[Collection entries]

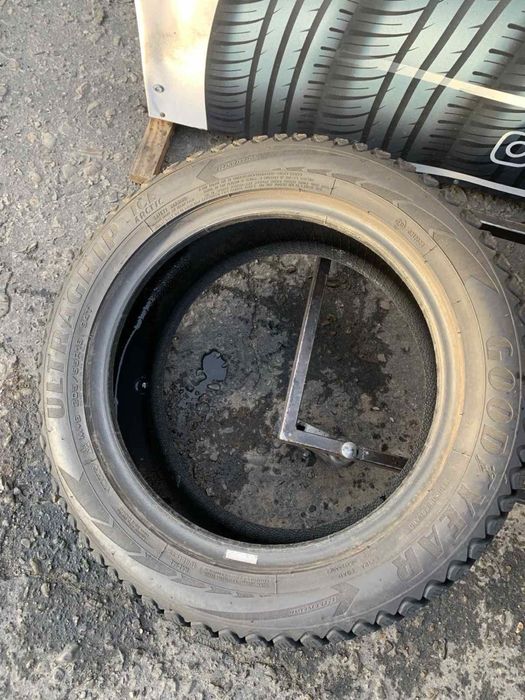 Шини 205/55 R16 пара Goodyear 2019р, 7,8мм зима
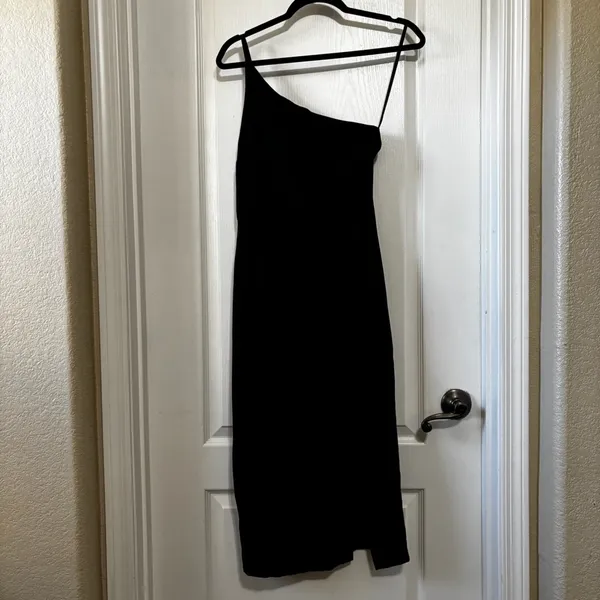 Petal & Pup XIOMAR DRESS - BLACK Size 2 - Image 2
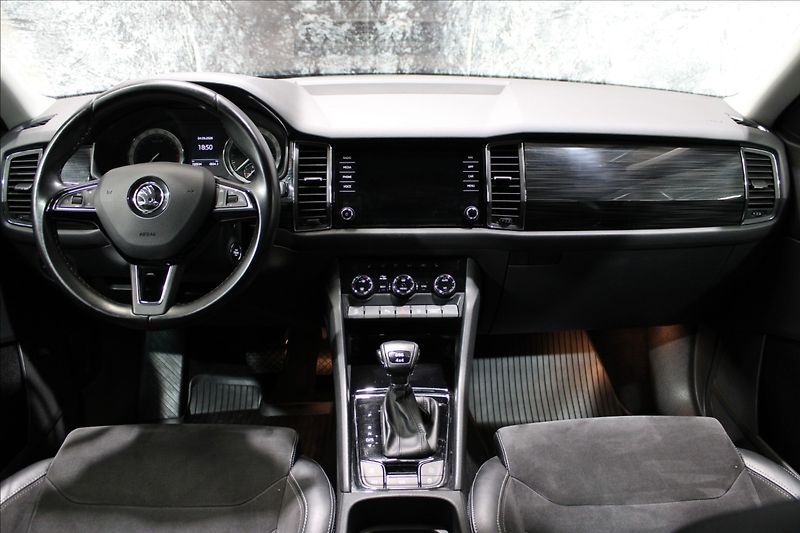 Škoda Kodiaq 2,0 TDI DSG 4x4 Style - fotka 33 z 35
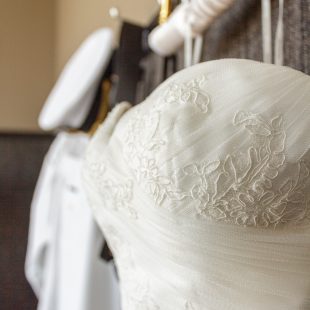 ashleyostudios-wedding-dress-detail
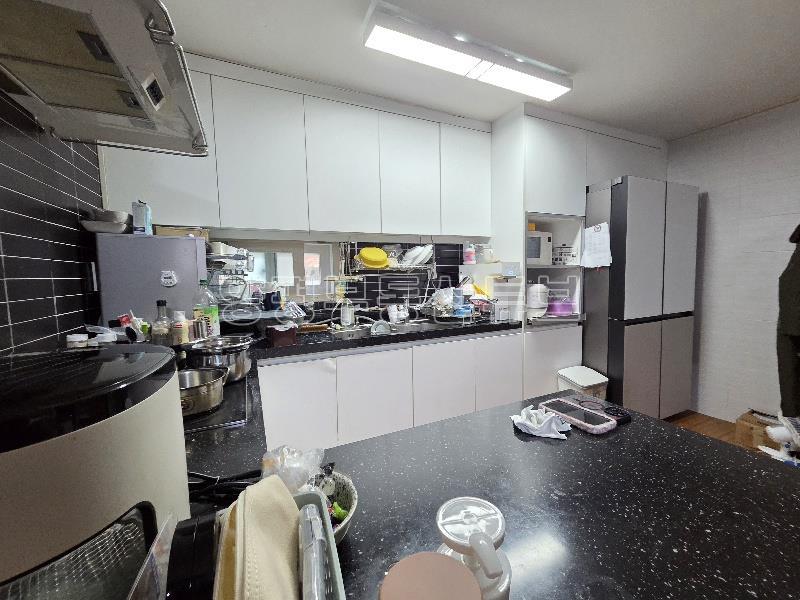 2차선 도로 접근성 좋은 평지의 단지 조성 되어 있는 전원주택 전세_5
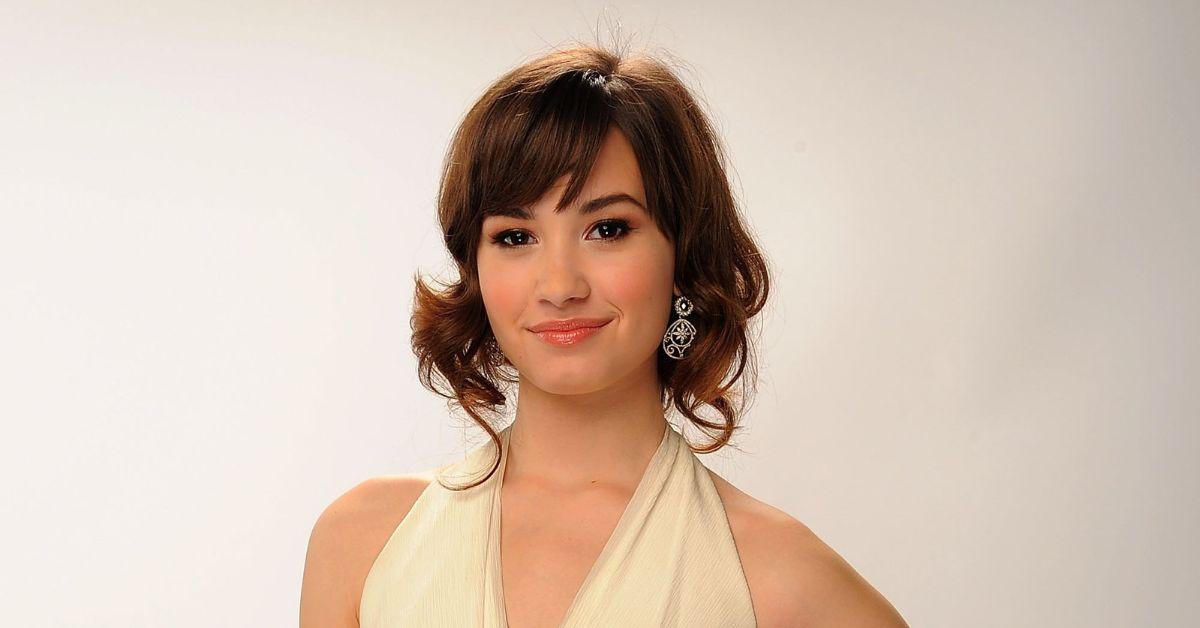 Demi Lovato ler på ett foto 2008.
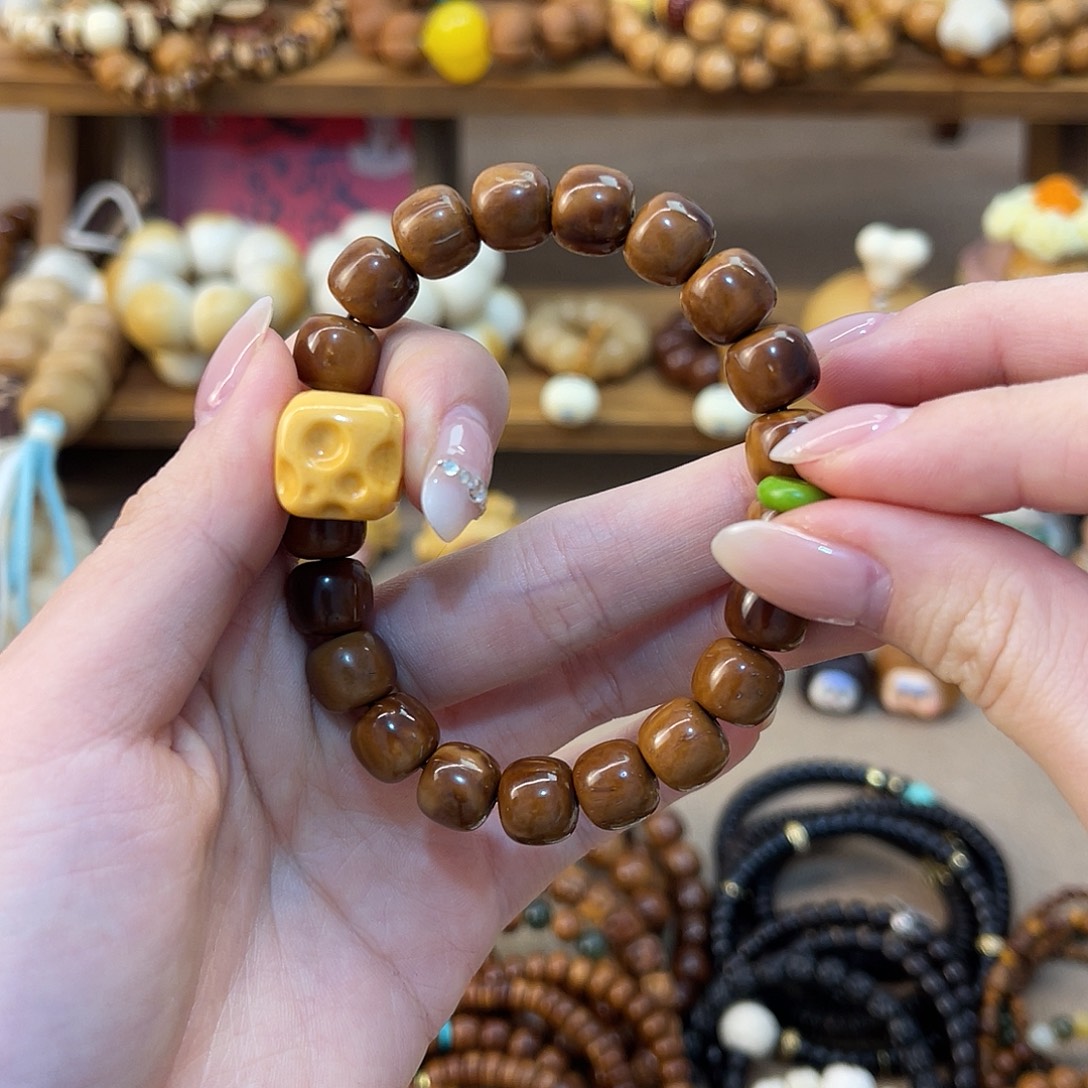 小***米手串库克老型珠搭配奶酪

**Work order**. Copy out only the lines from the one containing "2차선 도로 접근성 좋은 평지의 단지 조성 되어 있는 전원주택 전세_5" to the end of the entries, unchanged. Drop the pictures.

**Response area**.
 2차선 도로 접근성 좋은 평지의 단지 조성 되어 있는 전원주택 전세_5
 Demi Lovato ler på ett foto 2008.
 小***米手串库克老型珠搭配奶酪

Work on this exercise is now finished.